Ground (i) - whether the learned trial judge erred to revisit the prosecution case at the end of the defence case and thereupon to make an inference that the drugs had been tampered with.
 The learned DPP submitted that at the end of the defence’s case, the learned trial judge should determine whether the defence had raised a reasonable doubt against the prosecution’s case, but instead His Lordship went back to re-evaluate the evidence of the prosecution’s witnesses and went on to find the contradictions which were not there at the end of the prosecution’s case. The learned DPP relied on the Federal Court case of Duis Akim & Ors v Public Prosecutor  1 MLJ 49 where it was held:
“ We note that when assessing the defence the learned trial judge surprisingly revisited his earlier findings upon which he called for the defence. Such approach is quite contrary to the principle of maximum evaluation of the evidence adduced at the close of the prosecution's case. Indeed in his judgment the learned trial judge made it very clear that he had conducted a maximum evaluation of the evidence adduced by the prosecution before calling for the defence.
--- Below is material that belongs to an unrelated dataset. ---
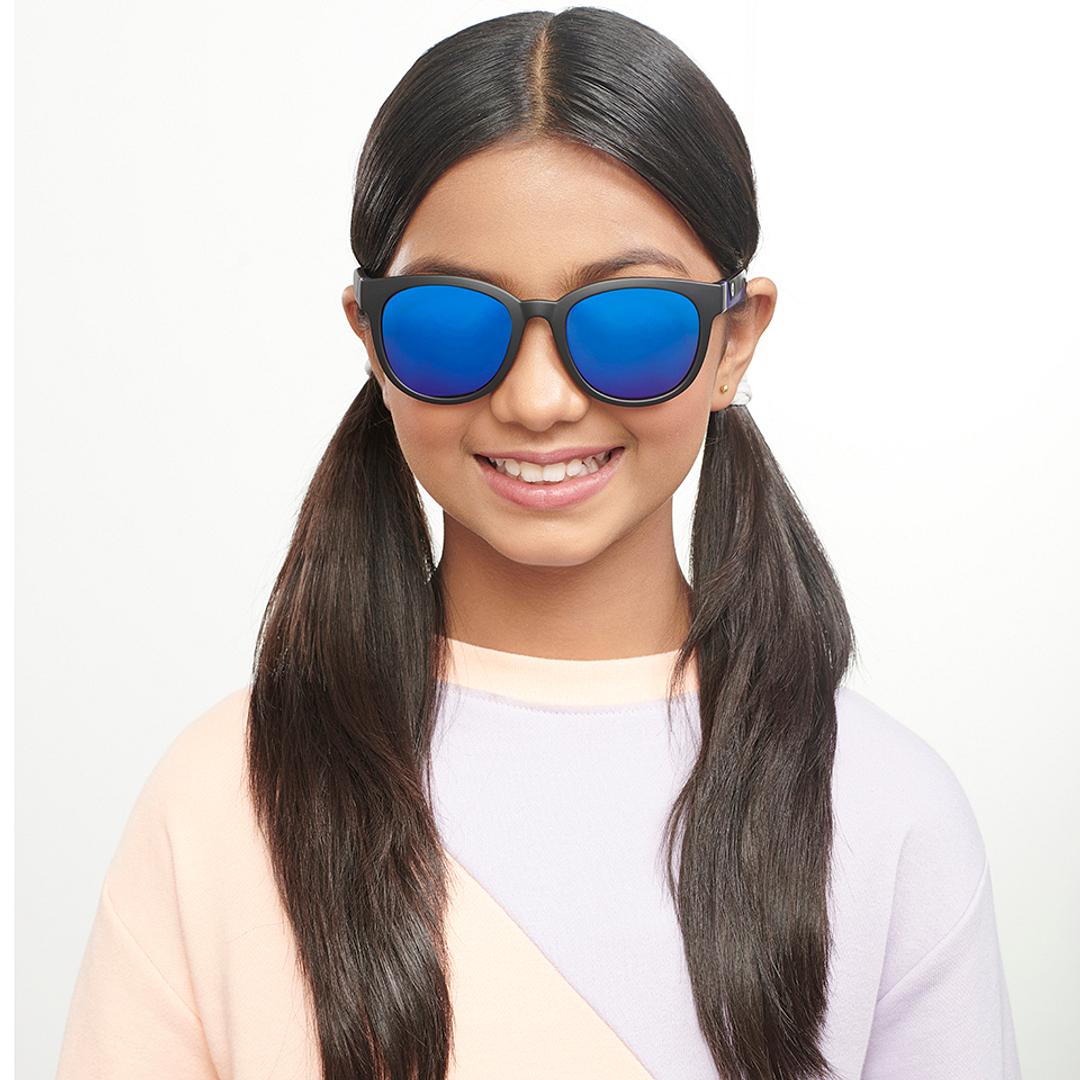 Hooper Black Full Rim Round left side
 In Public Prosecutor v Khong Soh  2 MLJ 137 MacIntyre J said this at p 139:
Having held that a prima facie case had been made out against the respondent, the learned president should have given his reasons for holding why the respondent's evidence had created a reasonable doubt in his mind.
 Thus, in the present case the learned trial judge, having given the evidence before him the maximum evaluation before calling for the defence, should have therefore focused on whether the defence had cast a reasonable doubt in the prosecution's case and even if it did not, whether as a whole the prosecution had proved its case beyond reasonable doubt before finding the appellants innocent or guilty for the offence as charged.”
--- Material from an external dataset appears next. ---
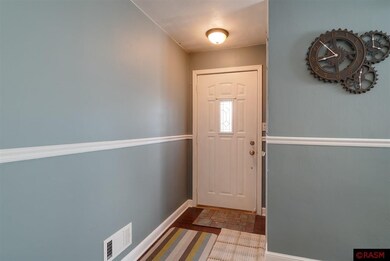 1728 N Broad St, Mankato, MN 56001 - photo 2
 Hence, the issue now is whether the learned trial judge had committed an error of revisiting his earlier finding in the similar sense of the word used by the Federal Court in Duis Akim & Ors (supra) by making a finding that there were contradictions in the evidence of the prosecution’s witnesses when earlier there were no such contradictions found at the end of the prosecution’s case.
 The learned trial judge, at the end of the defence case, held as follows (at p.27, Jilid 1, RR):
“Di dalam sesuatu perbicaraan, adalah menjadi tugas Mahkamah untuk melakukan penilaian kes secara keseluruhan. Keterangan dari saksi-saksi Pendakwaan perlu diteliti dan ditimbangkan bersama dengan keterangan saksi-saksi Pembelaan, bagi dibuat penilaian sebelum suatu keputusan dicapai. Di dalam melaksanakan penelitian tersebut, keterangan terperinci setiap seorang saksi perlu dilakukan. Meneliti serta menilai semula keterangan yang disampaikan oleh saksi-saksi Pendakwaan, saya mendapati wujudnya beberapa percanggahan yang begitu material, setelah diteliti dan dibandingkan dengan keterangan dari Tertuduh. Ini terutamanya dilihat begitu ketara melalui keterangan yang disampaikan oleh SP12, Pegawai Penyiasat kes.
Di dalam bahagian-bahagian yang begitu material, keterangan SP12 jelas kelihatan bercanggah dengan keterangan SP7, SP1 dan SP9. Di samping percanggahan, peranan yang dimainkan oleh beliau di dalam kes ini telah membangkitkan pelbagai persoalan. Adakah peranan tersebut wajar dilakukan oleh seorang Pegawai Penyiasat?"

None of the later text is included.